Adnan Nahim, Najnin Tanzira, Ruan Jianhua
Department of Computer Science, The University of Texas at San Antonio, 1 UTSA Circle, San Antonio, TX 78249, USA.
Cancers (Basel). 2022 Oct 29;14(21):5327. doi: 10.3390/cancers14215327.
Accurate prediction of breast cancer metastasis in the early stages of cancer diagnosis is crucial to reduce cancer-related deaths. With the availability of gene expression datasets, many machine-learning models have been proposed to predict breast cancer metastasis using thousands of genes simultaneously. However, the prediction accuracy of the models using gene expression often suffers from the diverse molecular characteristics across different datasets. Additionally, breast cancer is known to have many subtypes, which hinders the performance of the models aimed at all subtypes. To overcome the heterogeneous nature of breast cancer, we propose a method to obtain personalized classifiers that are trained on subsets of patients selected using the similarities between training and testing patients. Results on multiple independent datasets showed that our proposed approach significantly improved prediction accuracy compared to the models trained on the complete training dataset and models trained on specific cancer subtypes. Our results also showed that personalized classifiers trained on positively and negatively correlated patients outperformed classifiers trained only on positively correlated patients, highlighting the importance of selecting proper patient subsets for constructing personalized classifiers. Additionally, our proposed approach obtained more robust features than the other models and identified different features for different patients, making it a promising tool for designing personalized medicine for cancer patients.

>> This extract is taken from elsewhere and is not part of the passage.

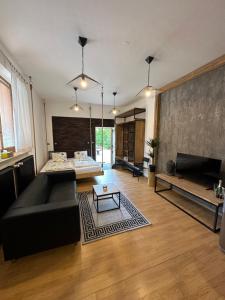 a living room with a black couch and a fireplace at Apartmány Veronika - Blansko in Blansko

在癌症诊断的早期准确预测乳腺癌转移对于减少癌症相关死亡至关重要。随着基因表达数据集的可得性,已经提出了许多机器学习模型来同时使用数千个基因预测乳腺癌转移。然而,使用基因表达的模型的预测准确性常常受到不同数据集之间多样的分子特征的影响。此外,已知乳腺癌有许多亚型,这阻碍了针对所有亚型的模型的性能。为了克服乳腺癌的异质性,我们提出了一种方法来获得个性化分类器,该分类器在使用训练和测试患者之间的相似性选择的患者子集上进行训练。多个独立数据集的结果表明,与在完整训练数据集上训练的模型以及在特定癌症亚型上训练的模型相比,我们提出的方法显著提高了预测准确性。我们的结果还表明,在正相关和负相关患者上训练的个性化分类器优于仅在正相关患者上训练的分类器,突出了选择合适的患者子集来构建个性化分类器的重要性。此外,我们提出的方法比其他模型获得了更稳健的特征,并为不同患者识别出不同的特征,使其成为为癌症患者设计个性化药物的有前途的工具。